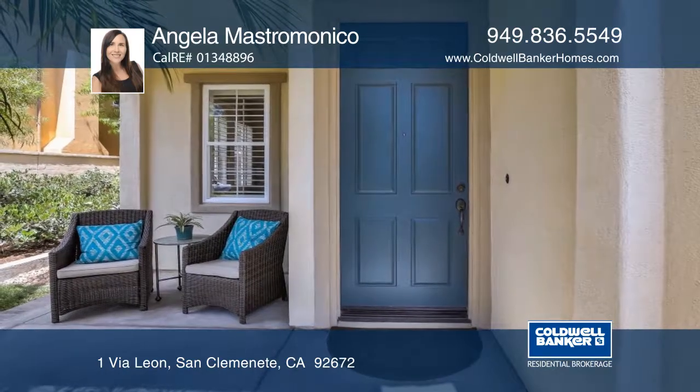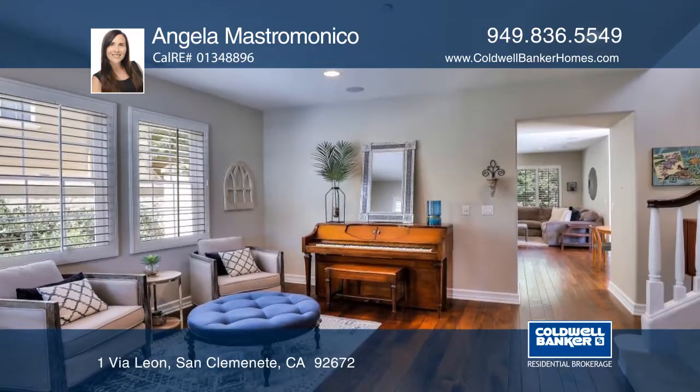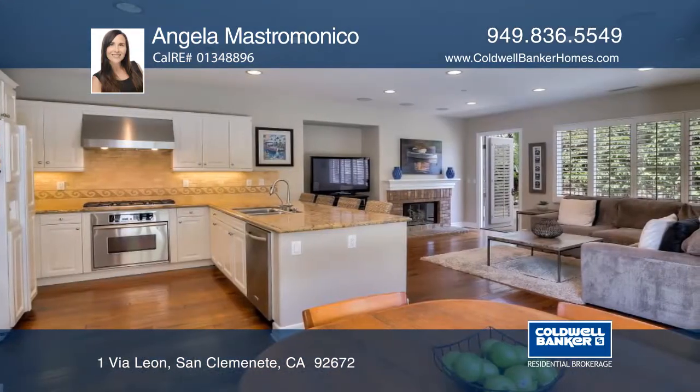The open floor plan has wood floors with a downstairs bedroom. The living room leads to a chef's kitchen with stainless steel appliances, white cabinetry, and granite countertops.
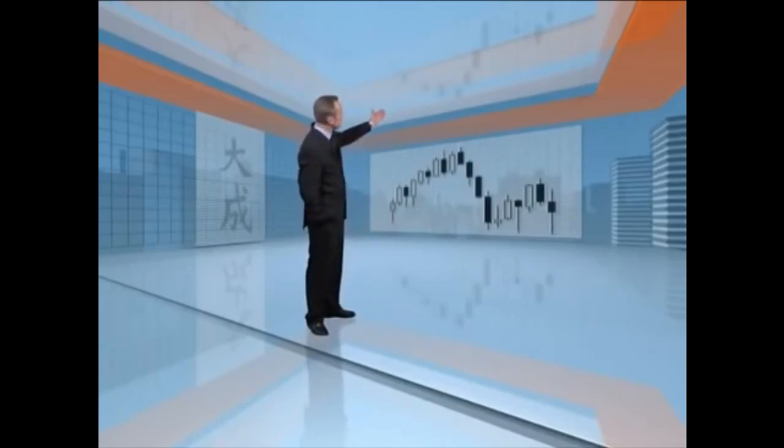So once again, my friends, today we'll be discussing the oldest form of technical analysis in the world, Japanese candlesticks.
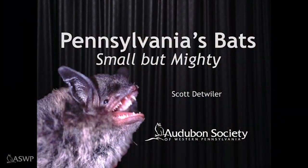Hi everybody, this is Scott Detweiler from the Audubon Society of Western Pennsylvania. I'm here in my backyard and it is late March. Anytime now I'm hoping to see some bats emerge and start flying around. I thought I would talk to you a little bit about the different kinds of bats we have here in Pennsylvania. Let's take a look at the PowerPoint and see what we can learn about our Pennsylvania bat species.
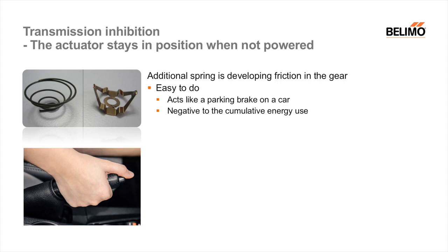Now the question is, who is driving around with a parking brake on? Probably no one. Still, we used to do it in actuators. The advantage is it is quite easy to do, but it has a negative cumulative energy cost all the time as we have friction on the gear.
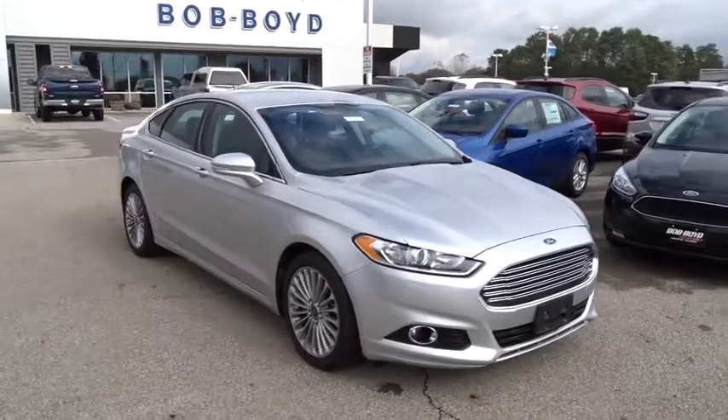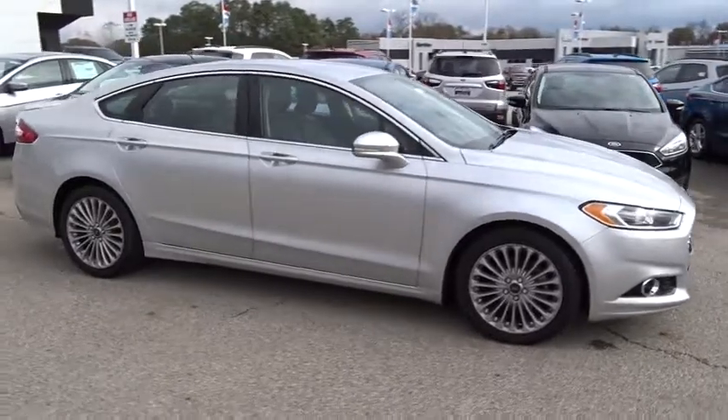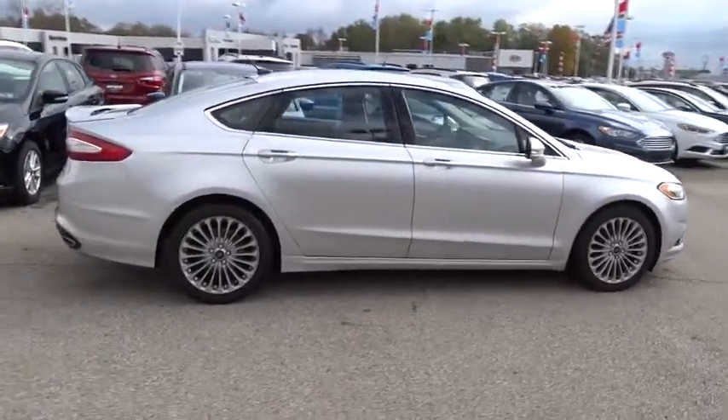2016 Ford Fusion. You can have both impressive power and great economy in a Fusion. This vehicle has less than 95,000 miles.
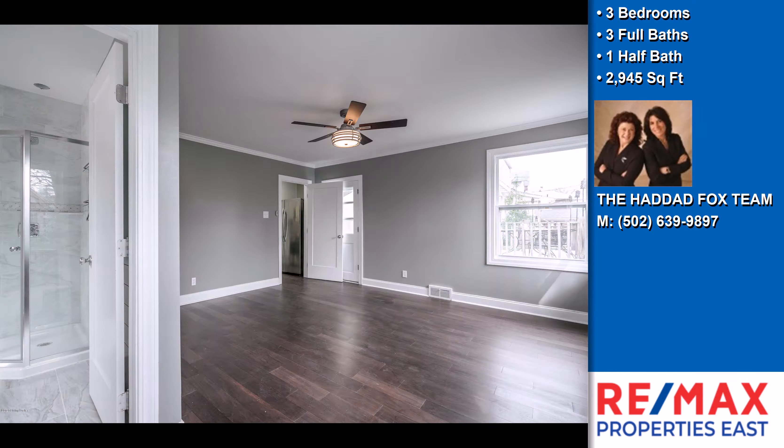This property is a three bedroom, three full baths, and one half bath home. Interior features of this property include a fireplace.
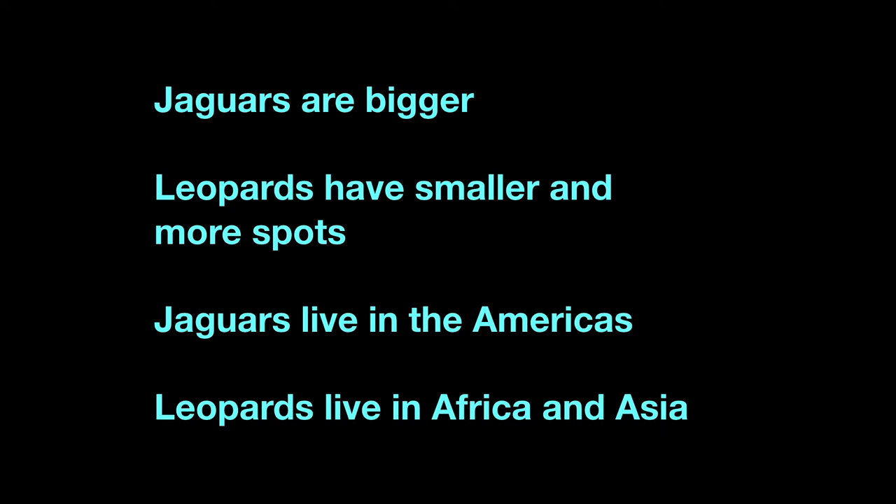Here's a quick recap on how you can tell them apart. Jaguars are bigger than leopards. Leopards have smaller and more spots than jaguars, which have bigger rosettes with dots in the middle. Jaguars live in the Americas — like South America — and they can even be found in southern North America around New Mexico, but they're pretty rare now. And leopards live in Africa and Asia.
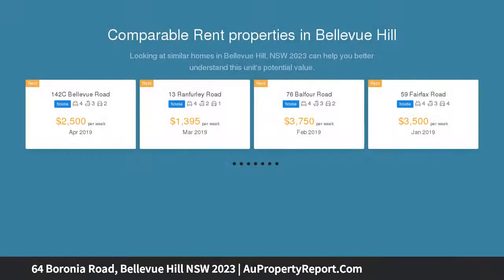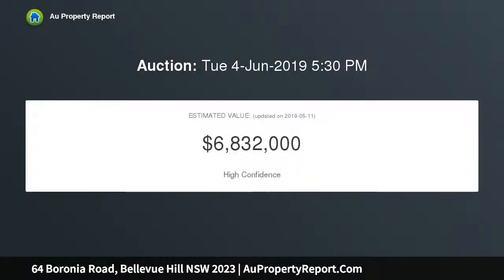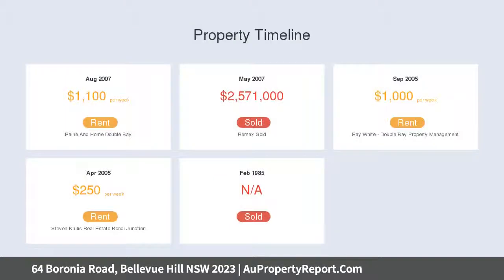This spectacular contemporary residence is set on 562 sqm approximately of land, over three light-filled levels, capturing expansive 180 degree northeasterly views. No expense has been spared, with concrete construction, high-quality finishes, extravagantly proportioned interiors and uncompromising attention to detail.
◆ ◆ ◆ ◆ ◆ ◆ ◆
» **WORK REQUEST**
Restate, word for word, all of the material above, leaving out the images.

» **SOLUTION FOR THIS PROBLEM**
The open floor plan has wood floors with a downstairs bedroom. The living room leads to a chef's kitchen with stainless steel appliances, white cabinetry, and granite countertops.
So once again, my friends, today we'll be discussing the oldest form of technical analysis in the world, Japanese candlesticks.
Hi everybody, this is Scott Detweiler from the Audubon Society of Western Pennsylvania. I'm here in my backyard and it is late March. Anytime now I'm hoping to see some bats emerge and start flying around. I thought I would talk to you a little bit about the different kinds of bats we have here in Pennsylvania. Let's take a look at the PowerPoint and see what we can learn about our Pennsylvania bat species.
Now the question is, who is driving around with a parking brake on? Probably no one. Still, we used to do it in actuators. The advantage is it is quite easy to do, but it has a negative cumulative energy cost all the time as we have friction on the gear.
2016 Ford Fusion. You can have both impressive power and great economy in a Fusion. This vehicle has less than 95,000 miles.
This property is a three bedroom, three full baths, and one half bath home. Interior features of this property include a fireplace.
Here's a quick recap on how you can tell them apart. Jaguars are bigger than leopards. Leopards have smaller and more spots than jaguars, which have bigger rosettes with dots in the middle. Jaguars live in the Americas — like South America — and they can even be found in southern North America around New Mexico, but they're pretty rare now. And leopards live in Africa and Asia.
This spectacular contemporary residence is set on 562 sqm approximately of land, over three light-filled levels, capturing expansive 180 degree northeasterly views. No expense has been spared, with concrete construction, high-quality finishes, extravagantly proportioned interiors and uncompromising attention to detail.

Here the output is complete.